WORK REQUEST:
Using the material that follows, identify and copy each line with the string "Type".

DATA SHOWN:
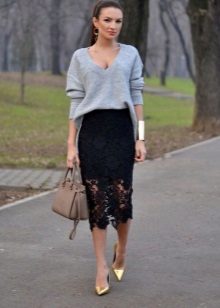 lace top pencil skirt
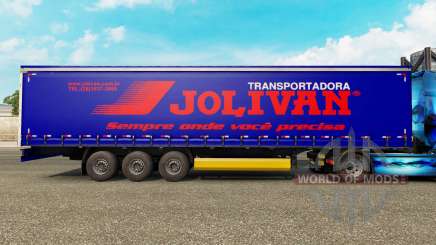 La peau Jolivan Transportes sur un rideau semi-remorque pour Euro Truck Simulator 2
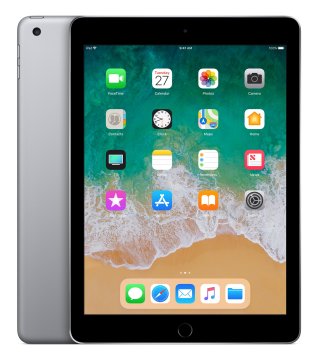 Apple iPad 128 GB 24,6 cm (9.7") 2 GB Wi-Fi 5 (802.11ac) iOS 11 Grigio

...

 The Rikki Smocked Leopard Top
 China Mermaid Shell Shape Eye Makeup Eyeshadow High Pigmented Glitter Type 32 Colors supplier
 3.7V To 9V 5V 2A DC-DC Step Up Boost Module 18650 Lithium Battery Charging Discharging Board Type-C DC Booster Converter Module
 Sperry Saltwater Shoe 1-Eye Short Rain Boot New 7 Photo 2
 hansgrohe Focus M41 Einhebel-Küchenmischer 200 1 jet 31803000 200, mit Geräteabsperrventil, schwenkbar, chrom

TASK SOLUTION:
 China Mermaid Shell Shape Eye Makeup Eyeshadow High Pigmented Glitter Type 32 Colors supplier
 3.7V To 9V 5V 2A DC-DC Step Up Boost Module 18650 Lithium Battery Charging Discharging Board Type-C DC Booster Converter Module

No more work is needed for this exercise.